Ohio Gov. Ted Strickland today signed into law a bill that was written in an effort to root out stranger-originated life insurance
The new amendments to Ohio insurance law “recognize a shared responsibility of the life settlement industry, life insurance companies and the [insurance] department to protect consumers against STOLI transactions,” says Mary Jo Hudson, director of the Ohio Department of Insurance.
The bill, H.B. 404, officially amends the state Viatical Settlement Act. Under the new law, the department will have more authority over life settlements, and life settlement brokers and providers are required to give insurers more information before engaging in a life settlement.
Life insurers will have to ask specific questions aimed at uncovering STOLI schemes and report suspected schemes to the department.
The Ohio law also limits the ability of consumers who use certain types of premium financing arrangements to sell life insurance policies within 5 years of buying the policies.
A policyholder can sell a life policy during the 5-year restricted period if the policyholder has experienced a life-changing event such as illness, unemployment or the death of an intended beneficiary.
“Gov. Strickland and the Ohio legislature have taken major steps towards deterring STOLI abuses by enacting a strong bill,” says Frank Keating, president of the American Council of Life Insurers, Washington.
Keating singled out the increase in the department’s authority and the 5-year restricted period for praise.
Doug Head, executive director of the Life Insurance Settlement Association, Orlando, Fla., says the version of H.B. 404 signed by Strickland was a “massive improvement” over the original version of the bill that came out of the state House of Representatives, and that LISA is “generally pleased” with the bill becoming law.
While LISA has maintained a strong opposition to the type of 5-year restriction on sales outlined in a model act approved by the National Association of Insurance Commissioners, Kansas City, Mo., Head says the Ohio ban is “significantly different” and involves more of a shared responsibility between the life insurance carrier that issues a policy and the policyholder seeking to sell the policy on the secondary market.
“It shifts the burden of proof” from the policyholder back to the carrier after a 2-year period, and it removes some of the more restrictive language included in the NAIC model, Head says.
In addition, Head says; the bill’s provision requiring carriers to report instances of STOLI is “going to produce interesting results.” Head says he is unaware of any instances in which a carrier has reported STOLI cases involving its own agents.

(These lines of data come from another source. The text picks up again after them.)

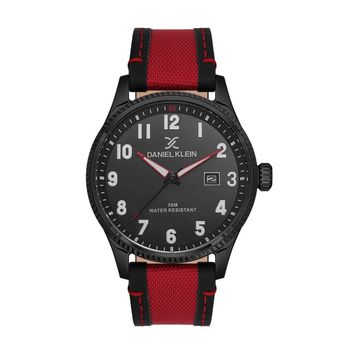 Daniel Klein DK.1.13557-5 Erkek Kol Saati
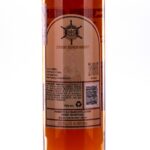 New England Barrel Company Private Single Barrel Straight Bourbon 6 Year (photo 3)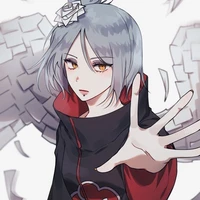 Yutaka Konan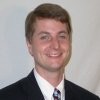 Andrew Mcmenamin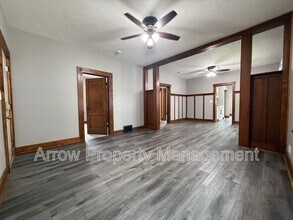 2282 Sheldon St in Lincoln, NE - Building Photo - Building Photo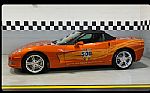 2007 Corvette Thumbnail 10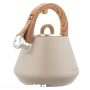 27531.jpg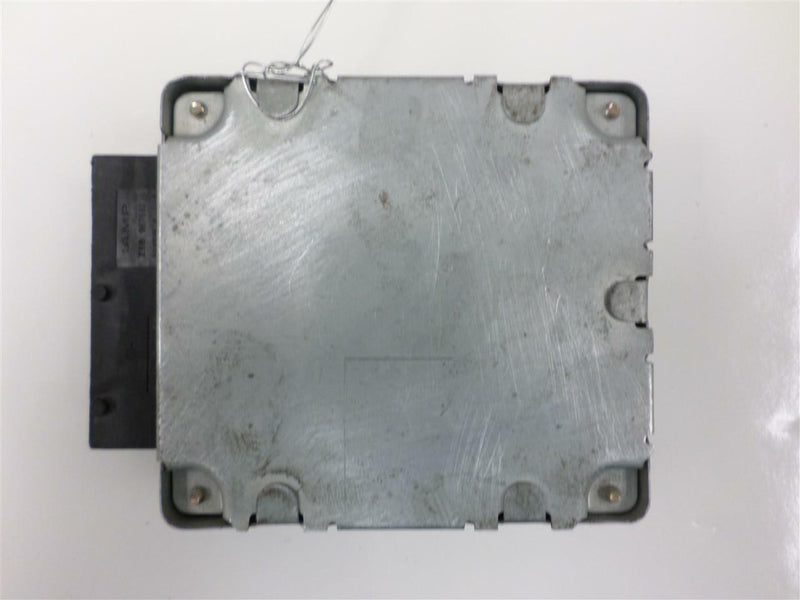 Transmission Control Module TCM TCU Saab 9-3 1999 4925186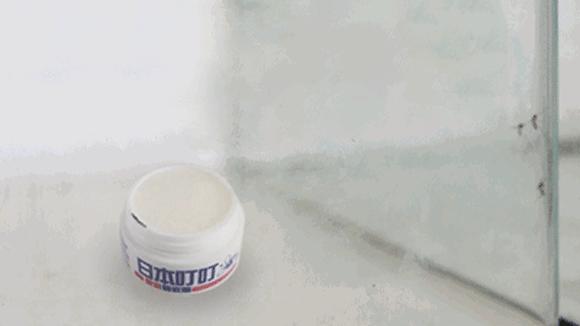 比蚊香更好的驱蚊方式,比蚊香还管用的方法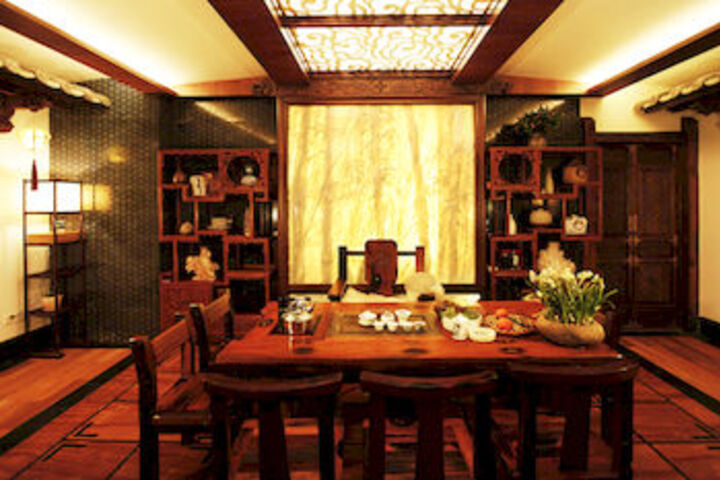 Hotel Interior 17 of 23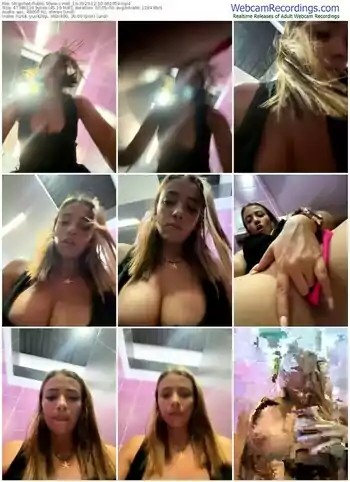 stripchat-hall_16-12-10-2023-00-10-59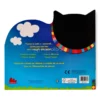 Gattolibro da Colorare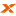 xt-laser.ru favicon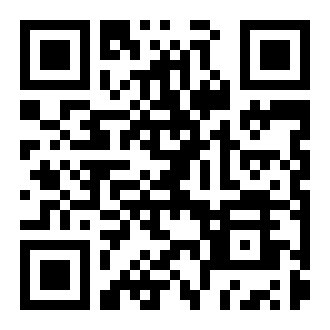 潜行大师2021破解版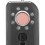 Wireless Signal Detector 3 Modes, Rechargeable, Portable, K95 10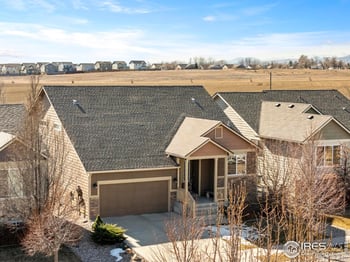 2415 Sunbury Ln, Fort Collins, CO 80524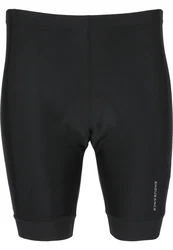ENDURANCE Sportshorts Gorsk V2 schwarz
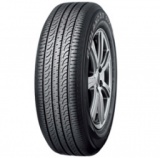 SUV用タイヤ販売　ジオランダーSUV　4X4タイヤ販売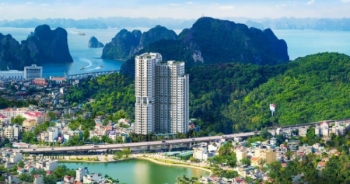 Văn bản 703 của Bộ TN&MT: Không 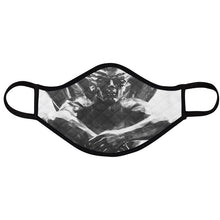 Load image into Gallery viewer, See no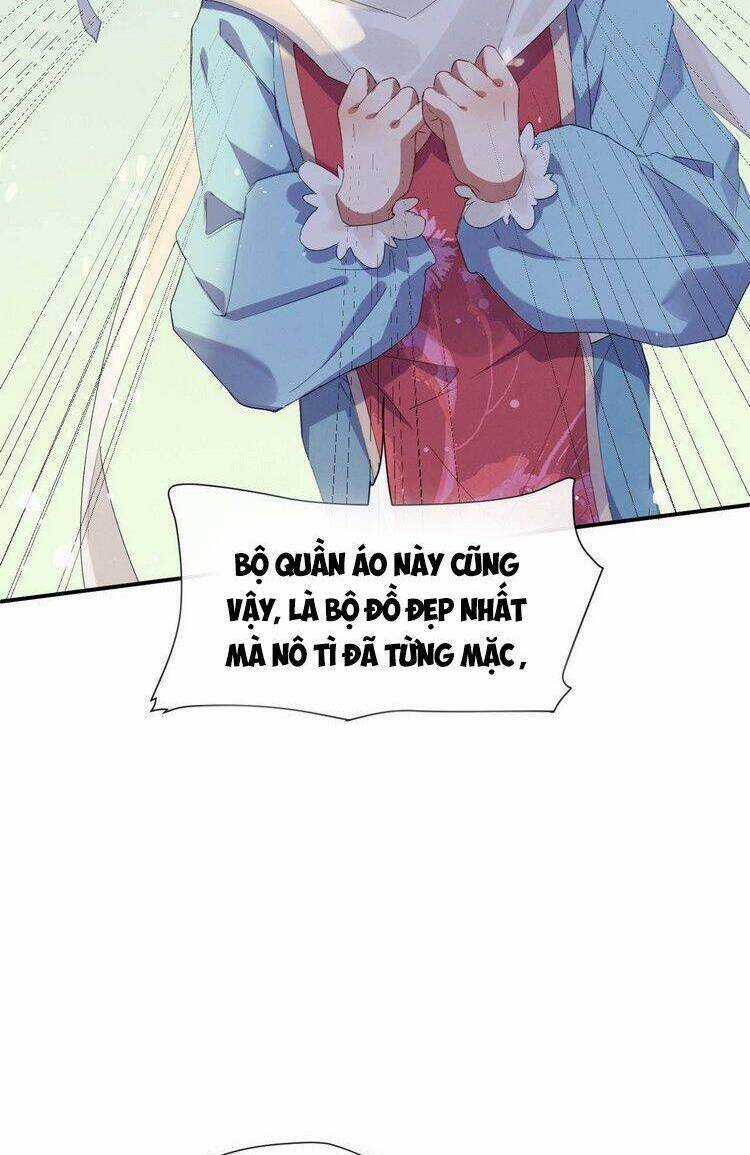 Thanh Bình Chapter 5 trang 46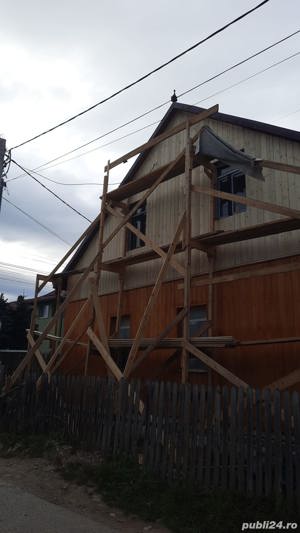 Echipa meseriasi construim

But the bill may be difficult for the Ohio department to administer, Head says.
Life agents groups are praising the bill.
“STOLI transactions violate the essential social purpose of life insurance, which is protection,” says Jeffrey Taggart, president of the National Association of Insurance and Financial Advisors, Falls Church, Va. “Life insurance was not intended to be used as a vehicle for financial speculation on human life.”
David Stertzer, chief executive officer of the Association for Advanced Life Underwriting, Falls Church, noted that his group was among the first to call for measures to combat STOLI, and that the group testified on behalf of the Ohio bill as it made its way through the state legislature.
The bill “is a great example of how to deal with abuse while protecting legitimate practices,” Stertzer says.